*** Source data ***
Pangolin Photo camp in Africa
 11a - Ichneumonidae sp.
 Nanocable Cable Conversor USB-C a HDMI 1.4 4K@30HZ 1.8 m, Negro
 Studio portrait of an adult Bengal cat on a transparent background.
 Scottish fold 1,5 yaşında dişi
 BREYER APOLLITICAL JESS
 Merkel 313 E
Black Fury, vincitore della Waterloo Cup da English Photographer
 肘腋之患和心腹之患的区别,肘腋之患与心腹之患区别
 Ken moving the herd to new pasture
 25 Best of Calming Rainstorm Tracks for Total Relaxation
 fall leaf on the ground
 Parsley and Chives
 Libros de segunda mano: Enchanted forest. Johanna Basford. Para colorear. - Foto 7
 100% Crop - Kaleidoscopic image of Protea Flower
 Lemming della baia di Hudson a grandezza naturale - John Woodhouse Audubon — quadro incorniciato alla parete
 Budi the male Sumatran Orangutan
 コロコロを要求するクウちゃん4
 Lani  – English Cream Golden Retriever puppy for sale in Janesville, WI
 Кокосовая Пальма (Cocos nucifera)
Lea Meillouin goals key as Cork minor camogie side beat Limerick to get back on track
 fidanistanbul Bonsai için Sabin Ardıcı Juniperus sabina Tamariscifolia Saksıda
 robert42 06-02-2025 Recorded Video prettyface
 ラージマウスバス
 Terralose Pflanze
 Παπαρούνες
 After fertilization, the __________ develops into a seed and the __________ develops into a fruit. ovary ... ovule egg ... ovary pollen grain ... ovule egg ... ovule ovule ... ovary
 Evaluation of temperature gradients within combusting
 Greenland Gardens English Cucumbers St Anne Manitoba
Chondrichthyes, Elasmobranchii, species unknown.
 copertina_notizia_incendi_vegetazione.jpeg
*** End of Source data ***
The problem:
Your answer should be one number: the count of lines in the data above that include the word "della".

Finished exercise:
2